As though his touch had torn some fragile barrier between us, I leaned my head against him and let my tears spill onto his shoulder. "My name is Elisa," I said. "Annelise is a ghost."
"I'm the ghost," Pieter replied, as though 500 years amounted to no more than a single afternoon. He laughed; he had always laughed much more easily than I. "I'm the ghost, Annelise. You shouldn't hate your hands."
"Is that why you came?" I lifted my head, dared to look into his eyes, those eyes Annelise had loved and lost.
"Where did I go?" he said. The gentleness in his voice filled me with terror. "Tell me where I went after Bruges." He knew, of course, but wanted to show that I knew as well. How could I not know where we met or where we went? Each time the priest came too close to discovering our secret truth, we escaped to a new city.
I sucked in my breath and gave him his list. "Ghent, Cologne, Milan?" He waited patiently while I cried; he understood my grief. Pieter and Annelise had lost a daughter in Milan.
"Little Hannah," Pieter said. "She was such a tiny, beautiful girl."
Five hundred years ago there was no hope for premature babies. There was so much death in those days.
"After Milan?" he prodded when my river of tears subsided.
"Why are you doing this?" I said, pressing my face into his neck to muffle my sobs.
"Because you shouldn't hate your hands," he said, as though it were just that simple and not a chasm stretching across centuries of grief. "Where, after Milan?"
"Florence." I sighed and collapsed against his shoulder. Perhaps he was a 500-year-old ghost, but I was flesh and blood, wearied by this present life, haunted by the one he insisted we relive.
"What happened in Florence, Annelise?"
"That bastard priest set a trap for you." I spat the words. Hate lasts longer when your friends betray you. Hadn't Gabriel been our friend? Dined at our table? Danced with us? Played cards in front of our fire? Never trust a priest who dances and plays cards.
"And then?"
My stomach heaved, and I gagged. How I longed for Pieter to wrap his arms around me, but he did not. "Rome," I said, the memory as hard and unyielding as a piece of Michelangelo's raw, unchisled stone. Another friend, but a true one.
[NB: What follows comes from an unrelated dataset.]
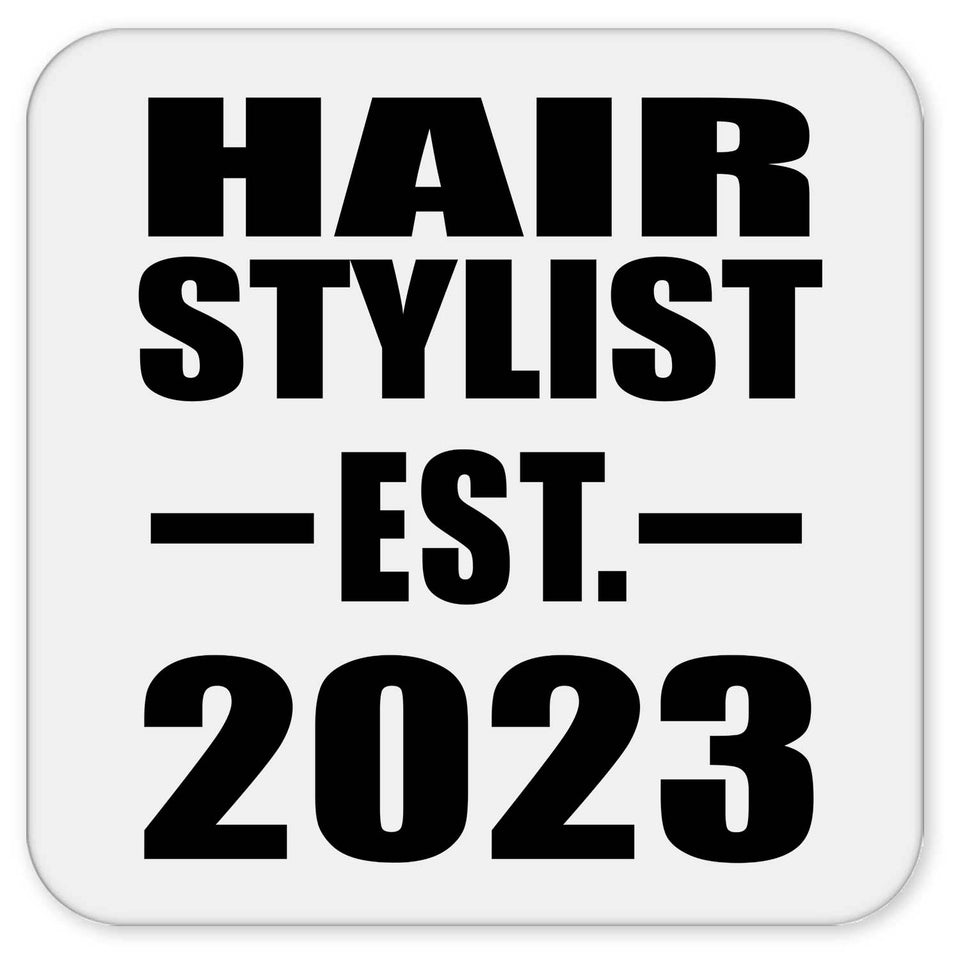 Hair Stylist Established EST. 2023 - Drink Coaster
"Who was I, Annelise?" Pieter prompted, embracing me with his words, still unwilling to wrap his arms around me. "Say it."
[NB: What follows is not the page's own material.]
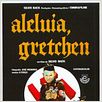 Aleluia, Gretchen : poster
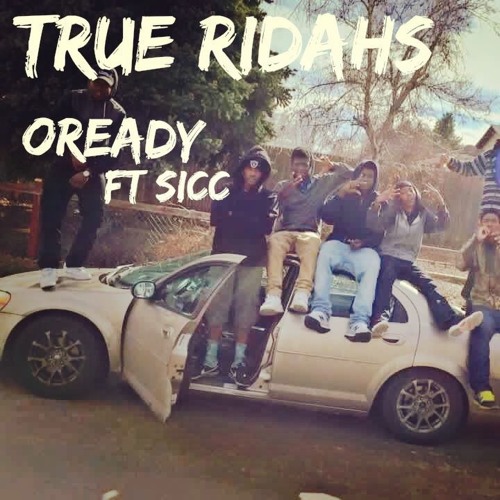 TRUE RIDAHS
I closed my eyes as though I could stop myself from seeing where he was taking me. He whispered in my ear, pressing me forward. I relented. "The Heretic Thief," I said.
"Finish," he demanded. "Say it all."
"Bastard," I said.
"I thought that was the priest."
I laughed, I couldn't help myself. "You were both bastards," I said; glad to see Pieter's smile return, letting it distract me from my pain.
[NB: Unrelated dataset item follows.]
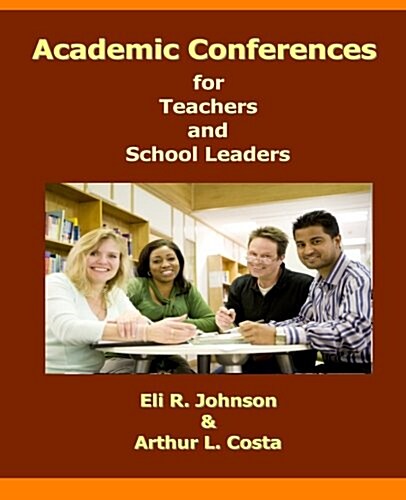 Academic Conferences for Teachers and School Leaders: A K-12 Guide to Creating Collaboration for Teachers, School, and District Leaders (Paperback)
"You've been angry too long, Annelise."
"It's only been 500 years," I argued. This time we both laughed.
Pieter released his death grip on the back of the chair, raised his arms, reached for me. "Finish," he said softly.
I took hold of his arms, lifted them into my lap. Tears burned a path down my cheeks and dropped off my chin, splattering my hands. I let my fingers trace the inside of his wrists. I touched the scars, caressed the rounded nubs that ended where his hands should have begun. I gazed at the stumps cradled in my hands, remembering his long fingers, the feel of them on my body, how the sunlight glinted off the gold band on his left hand.
"They cut off your hands." I wanted to scream, but I had lost my voice.
He couldn't have heard me, only my lips moved. I hadn't made any sound. But then, he didn't need my words. The story belonged to both of us. I was grateful for my tears; they blurred the mutilation. I don't know how long I sat and stared.
"I couldn't stop them, Pieter. I couldn't save you. I'm sorry." Had I spoken out loud?
He wrapped his arms around me. "You couldn't stop me, Annelise. God knows, you tried." He kissed away my tears. "You shouldn't hate your hands."